There had been from the first an ardent desire in the colony to establish a free Christian commonwealth, and on the part of England to maintain, if not extend, the power of the British Parliament. In May, 1774, as the representative of the latter purpose, General Gage arrived in Boston, and was soon followed by considerable bodies of troops. In August of the same year measures were taken for a Provincial Congress, to concert and execute an effectual plan for counteracting the system of despotism which had been introduced. The Congress instructed the general officers "effectually to oppose and resist" all attempts to execute the obnoxious acts of the British Parliament; and by a singular coincidence on the same day, February 9, 1775, the Parliament pledged the lives and property of the Commons to the support of those laws. On the side of the Americans, the courts were declared unconstitutional and their officers traitors—and the practice of the military art was earnestly recommended.

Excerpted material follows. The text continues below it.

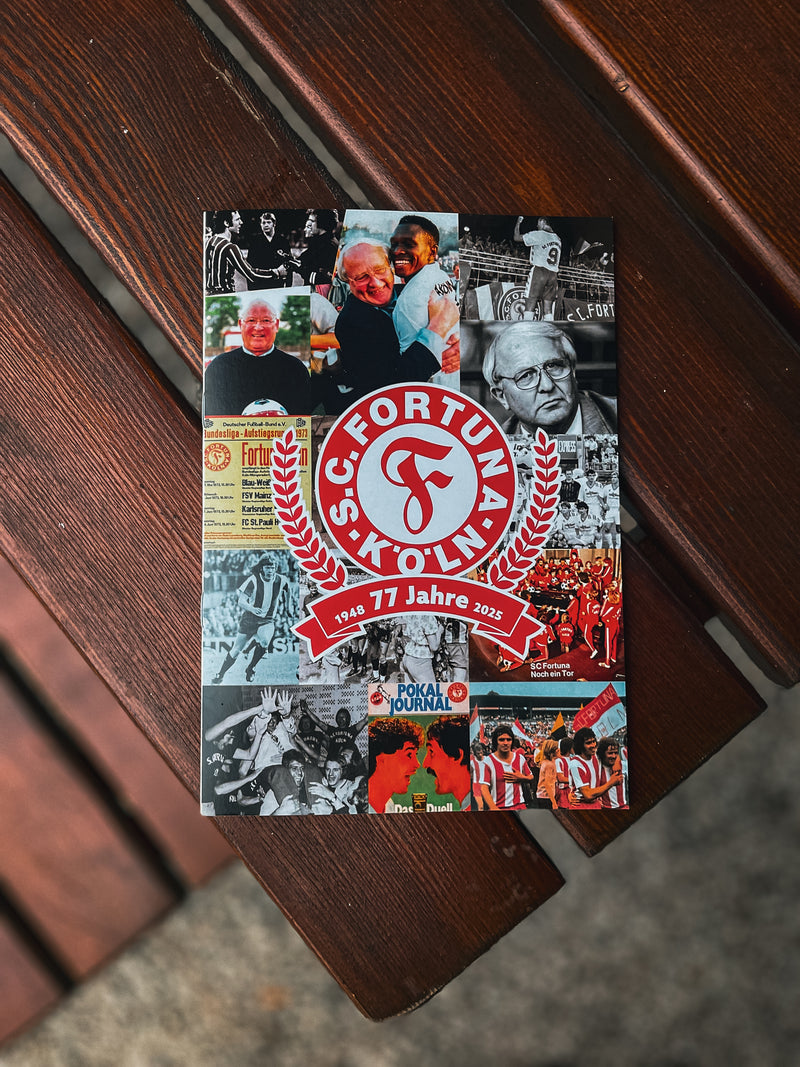 Titelblatt des Jubiläumshefts „77 Jahre Fortuna“ mit Vereinslogo und historischen Fotocollagen.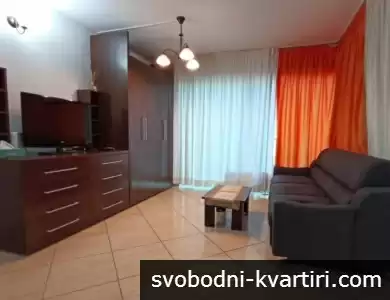 Тристаен апартамент под наем в Младежки хълм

By the 1st of September, 1774, the issue was fairly presented. The claim on one side was the supremacy of the British Parliament, and on the other the supremacy of the American people. Parliament claimed the right to legislate for or over the colonies in all cases whatsoever; this right the colonists denied. Parliament had asserted its supremacy by the passage, in May, 1774, of "An act for the better regulating the government of the province of Massachusetts Bay," and "An act for the more impartial administration of justice in said province." Submission to these acts was the test. They would not execute themselves. Their precise character was of no great importance to the people. It was a question of right, of authority, and not of detail. Had the acts been less oppressive, or even more so, the principle at issue would not have been changed. In August, 1774, one hundred and fifty of the best men of Middlesex assembled in the adjacent town of Concord, and uttered these memorable words:
"We are obliged to say, however painful it may be to us, that the question now is, whether by a submission to some of the late acts of the Parliament of Great Britain, we are contented to be the most abject slaves, and entail that slavery on posterity after us, or, by a manly, joint and virtuous opposition, assert and support our freedom. There is a mode of conduct which, in our very critical circumstances we wish to adopt—a conduct, on the one hand, never tamely submissive to tyranny and oppression; on the other, never degenerating into rage, passion and confusion." Again, "We must now exert ourselves, or all those efforts which for ten years past have brightened the annals of this country, will be totally frustrated. Life and Death, or what is more, Freedom and Slavery, are in a peculiar sense now before us; and that choice and success, under God, depend greatly on ourselves. We are therefore bound, as struggling not only for ourselves, but for future generations, to express our sentiments in the following resolves —sentiments which we think are founded in truth and justice, and therefore sentiments we are determined to abide by." In conclusion they say "no danger shall affright, no difficulties intimidate us; and if, in support of our rights, we are called to encounter even death, we are yet undaunted, sensible that he can never die too soon who lays down his life in support of the laws and liberties of his country."